- [How to complete this task]: The expected output is each line from the one containing "Generous fresh seafood" to the last line of the data below, set down exactly, minus the pictures.

- [Information provided]:
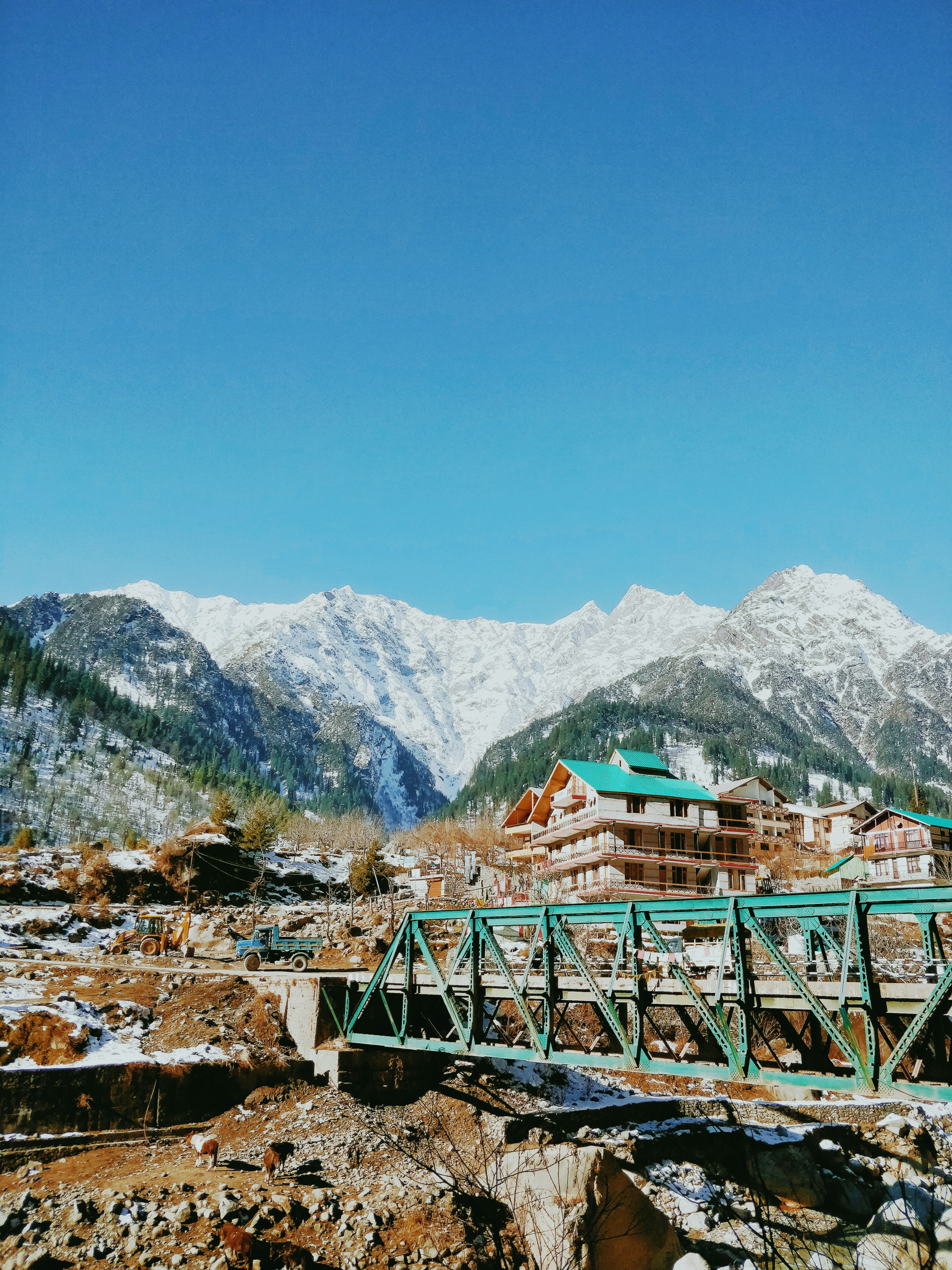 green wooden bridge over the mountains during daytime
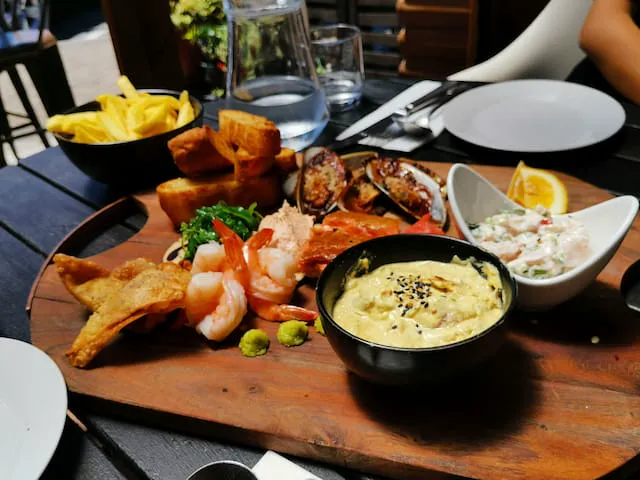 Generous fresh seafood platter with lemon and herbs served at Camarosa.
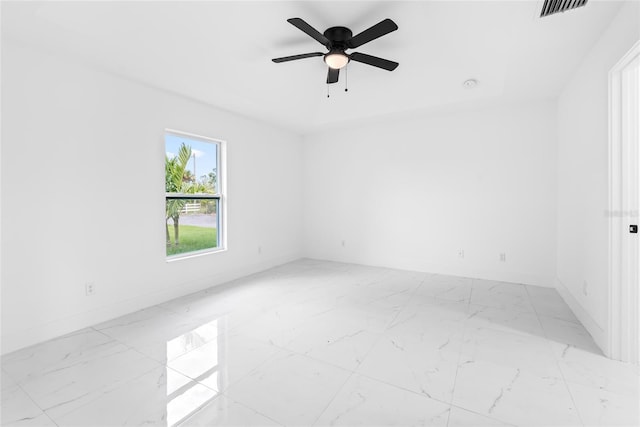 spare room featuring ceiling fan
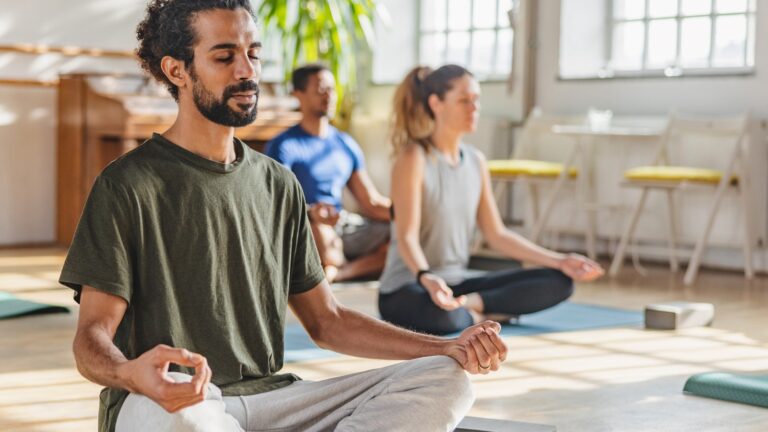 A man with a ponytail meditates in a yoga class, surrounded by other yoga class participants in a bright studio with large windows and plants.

- [The answer]:
 Generous fresh seafood platter with lemon and herbs served at Camarosa.
 spare room featuring ceiling fan
 A man with a ponytail meditates in a yoga class, surrounded by other yoga class participants in a bright studio with large windows and plants.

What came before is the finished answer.